Because $G$ is connected and non-bipartite there is a unique stationary distribution $\pi$ so that
$$\|\pi - M^i p\|_2 \le c (1-\lambda)^i $$
where $\lambda$ is the difference between the first and second eigenvalue of $A$, called spectral gap. So there is a lower bound to the rate of convergence towards the stationary distribution, depending on the spectral gap.
I can modify the graph, so that there is a single sink node, that once entered can never be left. This graph $G'$ is no longer undirected. I get an absorbing markov chain where one state is absorbing and all other states are transient. There still is a unique stationary distribution $\pi'$, where the probability of being in at sink node is 1.
So my question is, can I get similar bound to the rate of convergence of the absorbing markov process, based on the spectral gap of $G$?
By the way the expression you have with $1-\lambda $ involving the spectral gap, is just the second largest eigenvalue of the transition matrix.

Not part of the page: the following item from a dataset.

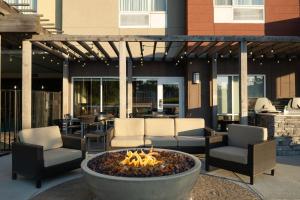una hoguera en un patio con sillas y mesas en TownePlace Suites by Marriott Lafayette South, en Lafayette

In the case where each node has an edge to the absorbing node the rate of decay will change to $N/(N+1)$ where N is the total number of nodes in the original graph. You can see this by observing that the original eigenvectors of the original transition matrix will still work if we augment them with a zero in the last position. However since the submatrix corresponding to staying within the original grasps nodes must get scaled down in size by the factor involving the degree so will the eigenvalues, so the old steady state eigenvector which had eigenvalue 1, now has the eigenvalue I wrote above.
In the case where the number of edges to the absorbing state is much smaller than the size of the graph I think you could make a quasi steady state approximation. Assume that within the original graph things are distributed according to the old stationary distribution. Say there is just one node , say labeled $i$, with an edge to the absorbing node. Then on average if you start in the original graph your probability of moving to the absorbing state in a given turn will be $\pi_i/(D_i + 1)$ where $D_i $ is the original degree of node i. So the probability of staying in the subgraph is 1 minus the above, and that should in the limit of the subgraph being large approximate your decay rate.